On a sunny Saturday afternoon, exactly one week after the iPad arrived, about 100 people walked around the Apple store at Southpoint to play with the newest, shiniest toy on display at the very entrance. There, throngs of browsers flooded the two wooden tables—the same light, ashy color of the floor—each boasting eight iPads for perusing. Six more rested on an adjacent counter. Outside, an iPad advertisement lured customers inside.

The wait to futz around with the long-awaited tablet—baseline price: $499, before tax—wasn’t too long, and Apple employees, young and hip, swarmed any customer who appeared even slightly idle. They all wore blue T-shirts that read, in white print: “iPad: A magical and revolutionary product at an unbelievable price,” adorned with the Apple logo on the left sleeve. The employees’ nametags, draped around their necks, were shaped like iPods. A boyish-looking employee approached me, and I asked a few questions about sales so far. “Well, you won’t find anyone willing to talk to you, because we’ll lose our jobs,” he said, a sentiment that was repeated to me twice more by other employees. “But I can tell you that the front tables have been very crowded. Also, we’re sold out of the 16 and 32 [gigabyte] models. They come in when they come in, and they fly off the shelves.”
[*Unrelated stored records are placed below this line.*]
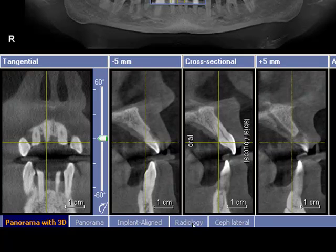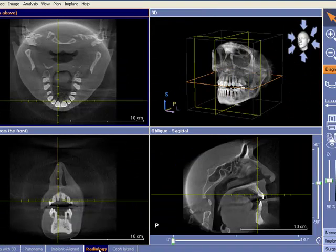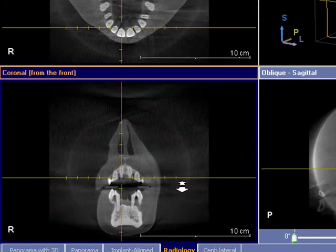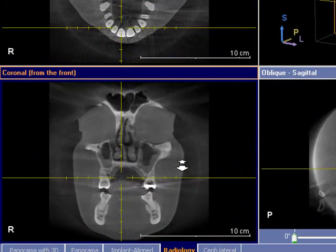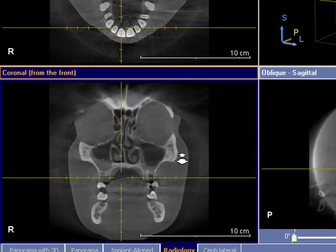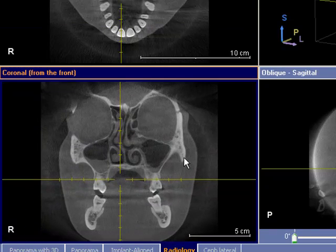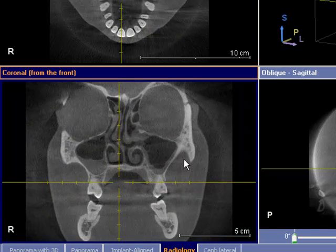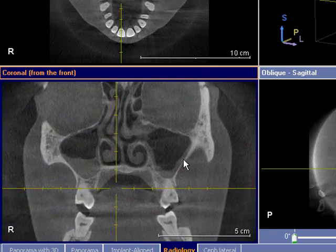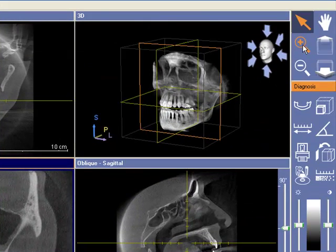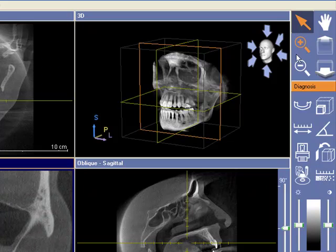Radiology is a good tab for diagnostics purposes. We can also use that one to measure, so we'll use that tab today for our example for our measuring. Now just get to your area of interest to be able to measure. Once you're there you can zoom in if needed with your mouse scroll function or with our zooming in function just here.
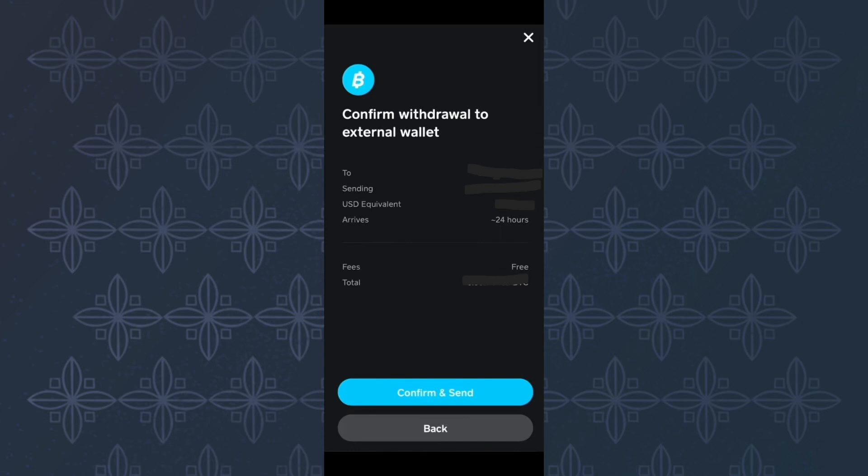This other page will appear where you are supposed to confirm if everything is correct before you can proceed and make the final decision. So, after confirming everything, proceed and tap here, confirm and send.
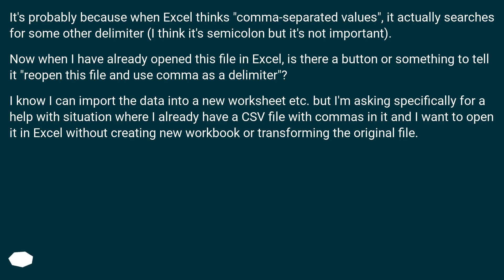Now when you have already opened this file in Excel, is there a button or option to tell it to reopen using comma as the delimiter? This is specifically for the situation where you already have a CSV file with commas and want to open it in Excel without creating a new workbook or transforming the original file.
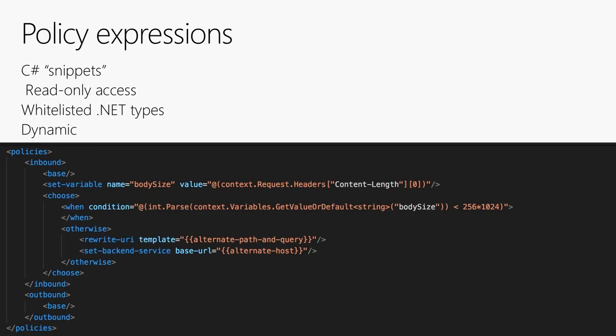For example, a custom policy using C# snippets: we set a variable with the body size, then check if it's above a certain threshold. If below, we just call the API configured from the portal. If above, we change the URL and backend service. A practical use case: if you want to send something to Service Bus but the message exceeds 1 MB on premium tier or 64KB on standard tier, you can route it to a Storage Account instead — all very easily configurable.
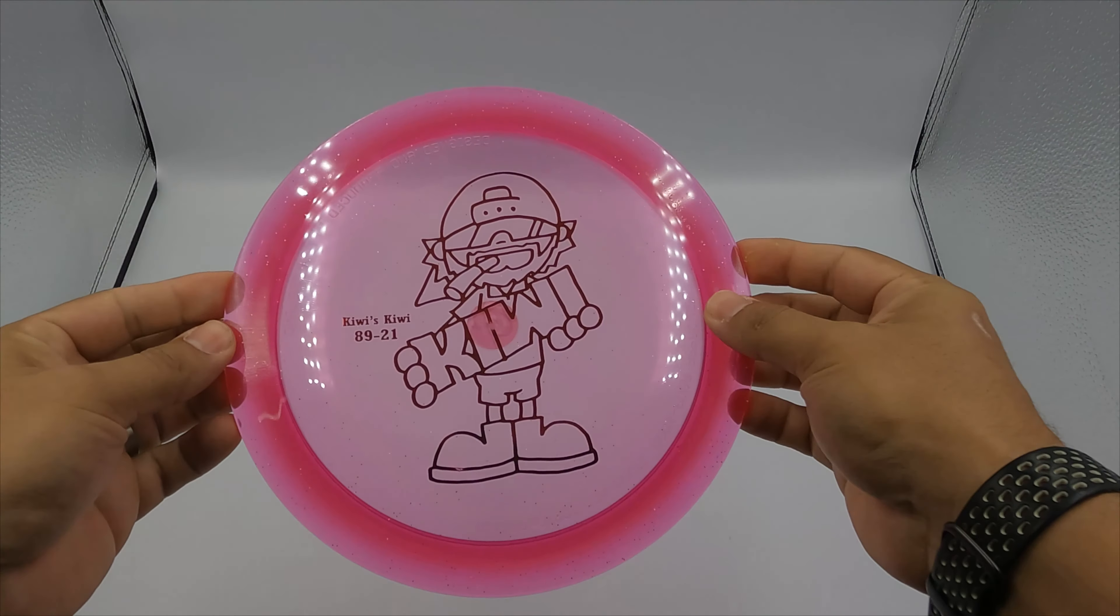So let me just show you some of these discs and we can go through the colors. What we've got first is a Cosmic Pink Kiwi. Every color that I show you will come in a silver, a gold and a black stamp. We've got a bunch of those there.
Above those wooden shelves were more enticing photos of the iPad, even though looking at the device on canvas and holding it, viscerally, are two completely different experiences. Still, the advertisements showed a wide range of uses for the iPad, all directed at what seemed like the company’s core clientele. There was a New York Times travel article about visiting Japan and two Google Maps of the Eiffel Tower, one satellite, the other in street view. One photo depicted a dog on a surfboard, while a pretty, blonde twenty-something with blue eyes filled another. Right next to a screenshot of Star Trek was an excerpt from the late Senator Ted Kennedy’s memoir True Compass, page 30 out of 683.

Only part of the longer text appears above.